Le BNP et le Jamaat ont tous deux appelé le gouvernement intérimaire à organiser les prochaines élections générales dans les trois mois, alors que Yunus préconise que le gouvernement intérimaire reste au pouvoir pendant au moins trois ans. Cette divergence pourrait conduire à un affrontement majeur entre le gouvernement intérimaire et le BNP-Jamaat dans les jours à venir.
Si les élections générales ont lieu dans les trois mois à venir, il est probable que le BNP-Jamaat obtiendra la majorité des sièges et formera le gouvernement, car il n'existe pas d'alternative crédible pour offrir une forte concurrence. Les citoyens bangladais ne sont pas encore prêts à aller au-delà du choix binaire entre la Ligue Awami et le BNP.
Cependant, si le gouvernement intérimaire dirigé par Yunus donne la priorité au rétablissement de la loi et de l'ordre au Bangladesh et se concentre ensuite sur la réforme de ce que certains ont appelé une système fasciste et en apportant les amendements constitutionnels nécessaires plutôt que d’organiser à la hâte des élections pour restaurer la démocratie, cela permettrait aux étudiants manifestants et aux autres forces émergentes de s’unir et de former un nouveau parti politique.
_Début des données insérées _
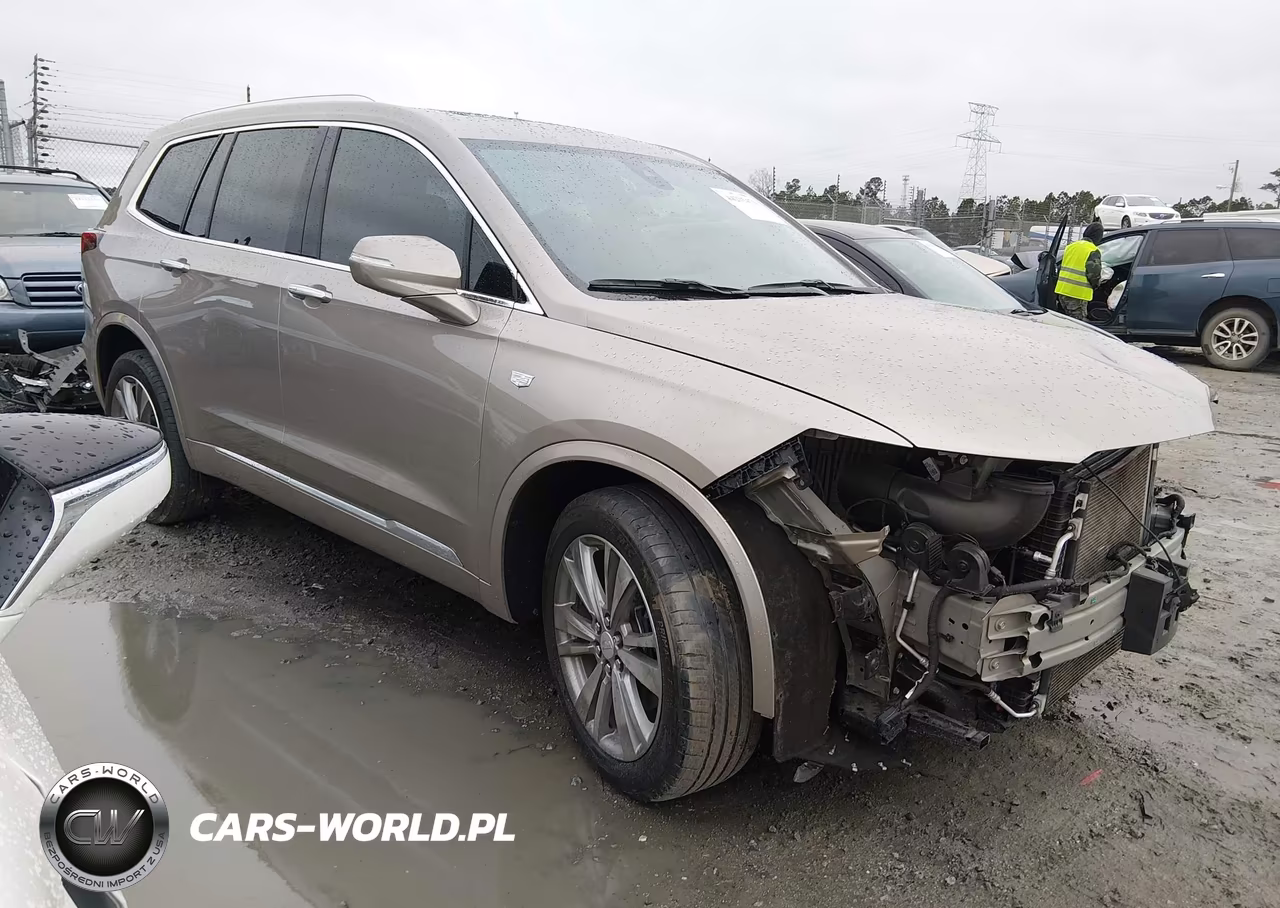 2023 Cadillac Xt6 Fwd Premium Luxury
Cela pourrait constituer une alternative viable au BNP et au Jamaat, si ce n’est pas immédiatement, du moins dans les deux prochaines années.
La seule façon d’empêcher le BNP-Jamaat d’arriver au pouvoir est de s’assurer que Yunus reste dans son rôle de conseiller principal du gouvernement intérimaire aussi longtemps que nécessaire. Compte tenu de sa vaste expérience politique et du soutien de puissants stratèges en politique étrangère, Modi en est sans aucun doute bien conscient.
Ne soyez pas surpris si Modi tente de se montrer encore plus amical envers Yunus et son gouvernement intérimaire dans un avenir proche.